NEW YORK -- Steel prices are falling fast, promising quick relief for some automotive suppliers and setting the stage for a battle between automakers and major steel makers over next year's contracts.
In the United States, spot-market prices for hot-rolled steel have fallen from $756 per ton last September to $425 per ton today, says Charles Bradford, a metals analyst at Soleil Securities Inc. in New York.
Hot-rolled steel is the raw material for the more expensive processed steel used for under-the-hood components and the galvanized steel used for body panels.
Automotive steel costs $100 to $200 more per ton than hot-rolled steel. Because automotive steel prices follow spot-market price trends, automakers and suppliers can expect some relief.
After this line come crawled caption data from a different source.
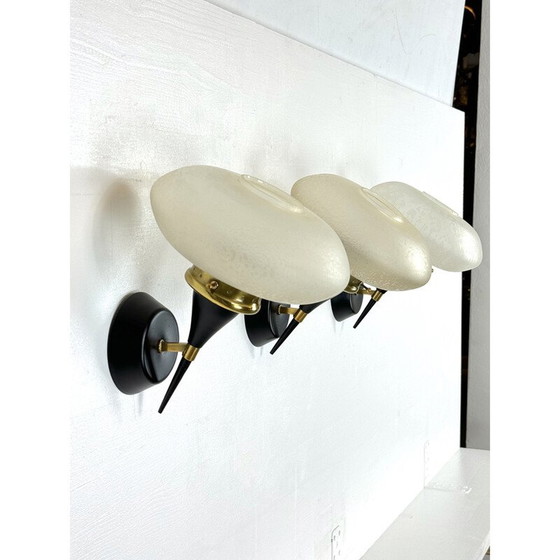 Image 1 of Set of 3 Italian mid-century Stilnovo wall lamps in brass and etched glass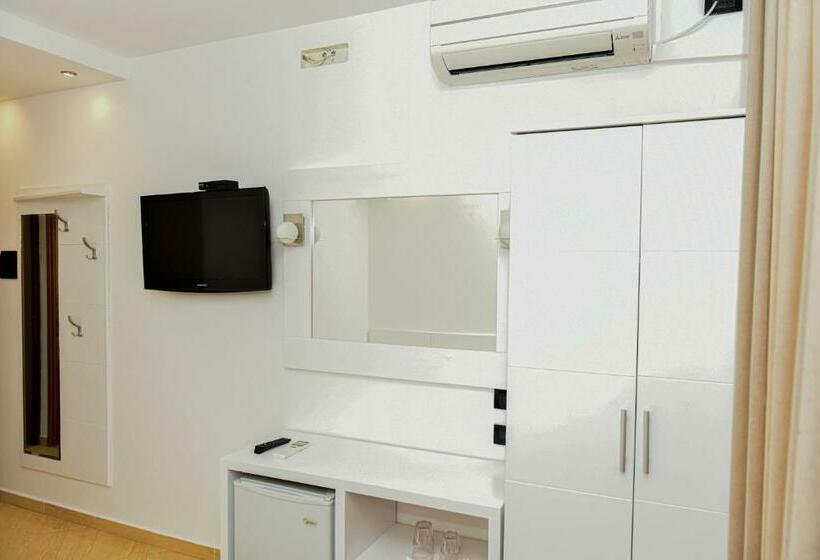 חדר סטנדרט, Tomorri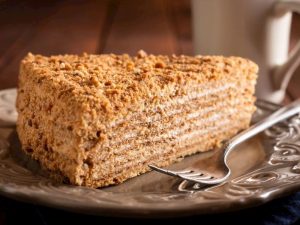 Ballı Rus Pastası Tarifi ve Detaylı Yapım Kılavuzu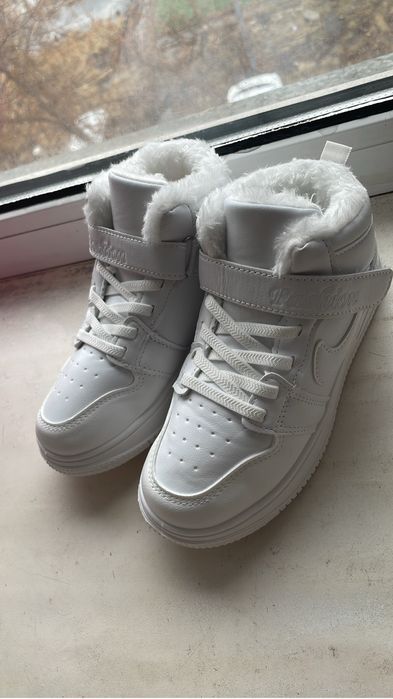 Кроссовки утепленные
In fact, prices already are trending down, confirms Neil De Koker, president of the Original Equipment Suppliers Association in Troy, Mich. But De Koker says prices still are higher than they were in 2003, when prices started to rise sharply.
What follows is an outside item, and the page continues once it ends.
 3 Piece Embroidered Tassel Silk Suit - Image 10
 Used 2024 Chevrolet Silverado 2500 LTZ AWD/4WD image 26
Declining prices stem from growing steel inventories at service centers -- the middlemen between the mills and customers. The service centers are stuck with big inventories from furious buying last year that created shortages and high prices.
Last year, surging steel prices hammered the auto industry. Prices skyrocketed as raw material prices increased, steel service centers built up inventories and China imported more steel. The increase shocked an industry that had enjoyed spot-market hot-rolled steel prices as low as $260 per ton in 2003.
Citation Corp., Intermet Corp. and Tower Automotive Inc. all declared Chapter 11 bankruptcy, although Citation has since emerged.